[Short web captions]

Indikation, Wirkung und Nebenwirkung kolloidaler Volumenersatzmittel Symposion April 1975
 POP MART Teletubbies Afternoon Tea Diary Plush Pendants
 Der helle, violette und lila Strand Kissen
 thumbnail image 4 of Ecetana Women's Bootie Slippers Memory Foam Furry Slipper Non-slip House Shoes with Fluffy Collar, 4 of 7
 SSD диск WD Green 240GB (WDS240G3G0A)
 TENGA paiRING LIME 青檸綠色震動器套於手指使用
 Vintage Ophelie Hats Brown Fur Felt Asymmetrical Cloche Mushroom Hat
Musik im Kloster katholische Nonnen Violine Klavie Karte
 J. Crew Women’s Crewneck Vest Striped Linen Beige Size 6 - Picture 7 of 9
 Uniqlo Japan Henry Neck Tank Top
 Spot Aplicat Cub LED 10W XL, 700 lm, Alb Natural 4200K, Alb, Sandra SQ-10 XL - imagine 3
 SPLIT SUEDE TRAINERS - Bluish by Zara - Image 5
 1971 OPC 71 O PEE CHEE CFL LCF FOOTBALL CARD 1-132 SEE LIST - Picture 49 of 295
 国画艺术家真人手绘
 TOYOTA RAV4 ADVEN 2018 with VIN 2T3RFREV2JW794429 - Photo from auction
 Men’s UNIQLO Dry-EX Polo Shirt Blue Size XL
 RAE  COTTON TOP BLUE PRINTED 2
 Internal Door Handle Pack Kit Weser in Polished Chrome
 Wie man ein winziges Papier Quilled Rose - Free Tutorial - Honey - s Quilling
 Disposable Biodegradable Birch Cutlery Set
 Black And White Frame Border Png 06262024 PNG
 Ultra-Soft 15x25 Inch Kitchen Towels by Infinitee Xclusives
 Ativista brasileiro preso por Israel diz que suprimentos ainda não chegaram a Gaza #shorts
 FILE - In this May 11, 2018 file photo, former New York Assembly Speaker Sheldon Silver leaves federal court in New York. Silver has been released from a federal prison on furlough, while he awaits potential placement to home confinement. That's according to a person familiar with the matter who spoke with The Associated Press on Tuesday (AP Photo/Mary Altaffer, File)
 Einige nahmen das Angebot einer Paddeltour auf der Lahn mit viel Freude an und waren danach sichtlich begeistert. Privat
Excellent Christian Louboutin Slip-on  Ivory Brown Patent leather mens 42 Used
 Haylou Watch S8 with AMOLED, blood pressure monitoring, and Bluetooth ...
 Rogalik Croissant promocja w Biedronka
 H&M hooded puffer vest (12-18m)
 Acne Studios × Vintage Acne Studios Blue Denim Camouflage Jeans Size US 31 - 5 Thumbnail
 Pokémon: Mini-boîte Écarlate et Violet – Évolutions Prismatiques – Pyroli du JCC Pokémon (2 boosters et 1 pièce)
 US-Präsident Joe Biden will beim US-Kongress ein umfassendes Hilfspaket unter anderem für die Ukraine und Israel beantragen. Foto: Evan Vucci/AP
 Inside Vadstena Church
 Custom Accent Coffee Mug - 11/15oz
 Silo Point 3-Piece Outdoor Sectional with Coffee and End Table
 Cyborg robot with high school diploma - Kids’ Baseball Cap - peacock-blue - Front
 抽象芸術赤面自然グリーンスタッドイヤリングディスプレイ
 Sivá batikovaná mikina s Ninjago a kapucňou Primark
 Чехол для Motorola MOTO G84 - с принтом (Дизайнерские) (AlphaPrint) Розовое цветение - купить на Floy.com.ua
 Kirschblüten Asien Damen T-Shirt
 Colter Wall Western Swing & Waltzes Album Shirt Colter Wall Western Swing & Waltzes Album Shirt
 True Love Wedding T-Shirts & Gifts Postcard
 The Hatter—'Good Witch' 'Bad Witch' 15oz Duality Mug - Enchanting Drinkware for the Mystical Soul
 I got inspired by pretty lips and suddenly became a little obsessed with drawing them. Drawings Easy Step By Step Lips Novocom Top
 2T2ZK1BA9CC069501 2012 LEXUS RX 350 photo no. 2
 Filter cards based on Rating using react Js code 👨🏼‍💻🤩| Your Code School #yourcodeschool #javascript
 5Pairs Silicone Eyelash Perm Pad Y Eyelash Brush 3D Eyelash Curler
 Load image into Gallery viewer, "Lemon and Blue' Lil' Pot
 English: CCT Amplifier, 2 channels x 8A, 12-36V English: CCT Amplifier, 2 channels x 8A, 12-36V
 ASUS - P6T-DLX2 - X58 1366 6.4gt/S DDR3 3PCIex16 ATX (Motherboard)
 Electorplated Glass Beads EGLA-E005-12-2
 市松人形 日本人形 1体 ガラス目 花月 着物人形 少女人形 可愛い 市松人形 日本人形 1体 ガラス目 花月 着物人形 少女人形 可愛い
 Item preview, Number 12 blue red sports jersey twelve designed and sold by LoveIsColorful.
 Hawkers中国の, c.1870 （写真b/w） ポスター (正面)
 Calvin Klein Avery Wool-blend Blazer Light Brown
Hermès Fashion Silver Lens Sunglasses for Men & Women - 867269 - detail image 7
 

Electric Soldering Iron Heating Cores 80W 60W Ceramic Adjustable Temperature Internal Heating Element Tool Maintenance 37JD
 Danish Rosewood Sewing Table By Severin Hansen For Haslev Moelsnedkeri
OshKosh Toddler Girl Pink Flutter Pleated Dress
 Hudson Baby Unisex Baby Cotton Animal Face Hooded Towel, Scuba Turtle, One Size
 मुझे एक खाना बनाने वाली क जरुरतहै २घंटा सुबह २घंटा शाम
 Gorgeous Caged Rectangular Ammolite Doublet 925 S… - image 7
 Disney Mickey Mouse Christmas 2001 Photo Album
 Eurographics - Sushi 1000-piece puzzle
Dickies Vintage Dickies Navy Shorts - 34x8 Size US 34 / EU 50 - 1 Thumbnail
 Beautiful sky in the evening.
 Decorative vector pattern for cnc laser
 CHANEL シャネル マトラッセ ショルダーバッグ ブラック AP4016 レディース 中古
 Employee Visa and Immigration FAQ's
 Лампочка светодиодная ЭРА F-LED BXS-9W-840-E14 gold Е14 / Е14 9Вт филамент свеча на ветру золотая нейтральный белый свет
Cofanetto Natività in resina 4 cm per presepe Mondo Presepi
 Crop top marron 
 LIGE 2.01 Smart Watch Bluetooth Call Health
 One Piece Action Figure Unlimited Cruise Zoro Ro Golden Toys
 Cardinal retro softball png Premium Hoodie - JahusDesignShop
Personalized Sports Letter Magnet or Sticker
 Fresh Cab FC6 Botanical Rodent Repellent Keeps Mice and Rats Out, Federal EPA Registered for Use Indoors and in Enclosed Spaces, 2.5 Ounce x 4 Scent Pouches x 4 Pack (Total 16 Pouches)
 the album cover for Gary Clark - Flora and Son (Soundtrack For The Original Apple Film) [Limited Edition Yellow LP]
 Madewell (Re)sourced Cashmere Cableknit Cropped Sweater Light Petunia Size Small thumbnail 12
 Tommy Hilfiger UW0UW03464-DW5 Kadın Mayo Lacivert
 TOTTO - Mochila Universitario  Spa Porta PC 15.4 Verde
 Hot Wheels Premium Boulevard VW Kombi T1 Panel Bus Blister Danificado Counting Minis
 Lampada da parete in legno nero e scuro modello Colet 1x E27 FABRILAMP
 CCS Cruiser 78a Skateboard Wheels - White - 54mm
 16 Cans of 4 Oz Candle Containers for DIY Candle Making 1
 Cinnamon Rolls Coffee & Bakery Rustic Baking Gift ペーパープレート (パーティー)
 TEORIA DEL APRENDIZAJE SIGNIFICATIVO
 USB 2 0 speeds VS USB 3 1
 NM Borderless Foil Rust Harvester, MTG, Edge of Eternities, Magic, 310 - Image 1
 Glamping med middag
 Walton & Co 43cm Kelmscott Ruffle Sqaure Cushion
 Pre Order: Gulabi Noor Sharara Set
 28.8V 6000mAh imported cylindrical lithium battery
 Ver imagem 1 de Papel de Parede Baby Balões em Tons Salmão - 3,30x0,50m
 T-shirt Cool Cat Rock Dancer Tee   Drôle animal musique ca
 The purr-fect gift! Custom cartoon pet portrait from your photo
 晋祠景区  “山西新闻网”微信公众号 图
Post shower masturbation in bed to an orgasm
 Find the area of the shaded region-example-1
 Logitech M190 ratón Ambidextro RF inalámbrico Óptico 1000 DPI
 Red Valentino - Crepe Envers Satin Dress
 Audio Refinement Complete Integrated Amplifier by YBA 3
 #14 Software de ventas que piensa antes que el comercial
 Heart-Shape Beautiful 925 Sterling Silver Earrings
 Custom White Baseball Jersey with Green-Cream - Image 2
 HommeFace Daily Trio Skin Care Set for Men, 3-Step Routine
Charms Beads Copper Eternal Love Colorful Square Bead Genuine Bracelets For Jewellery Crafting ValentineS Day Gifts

### Task item
Write out exactly the lines above from the line with "Pokémon: Mini-boîte Écarlate" through the line with "Colter Wall Western Swing & Waltzes Album Shirt Colter", both of them included, and leave out all other lines.

### Answer area
 Pokémon: Mini-boîte Écarlate et Violet – Évolutions Prismatiques – Pyroli du JCC Pokémon (2 boosters et 1 pièce)
 US-Präsident Joe Biden will beim US-Kongress ein umfassendes Hilfspaket unter anderem für die Ukraine und Israel beantragen. Foto: Evan Vucci/AP
 Inside Vadstena Church
 Custom Accent Coffee Mug - 11/15oz
 Silo Point 3-Piece Outdoor Sectional with Coffee and End Table
 Cyborg robot with high school diploma - Kids’ Baseball Cap - peacock-blue - Front
 抽象芸術赤面自然グリーンスタッドイヤリングディスプレイ
 Sivá batikovaná mikina s Ninjago a kapucňou Primark
 Чехол для Motorola MOTO G84 - с принтом (Дизайнерские) (AlphaPrint) Розовое цветение - купить на Floy.com.ua
 Kirschblüten Asien Damen T-Shirt
 Colter Wall Western Swing & Waltzes Album Shirt Colter Wall Western Swing & Waltzes Album Shirt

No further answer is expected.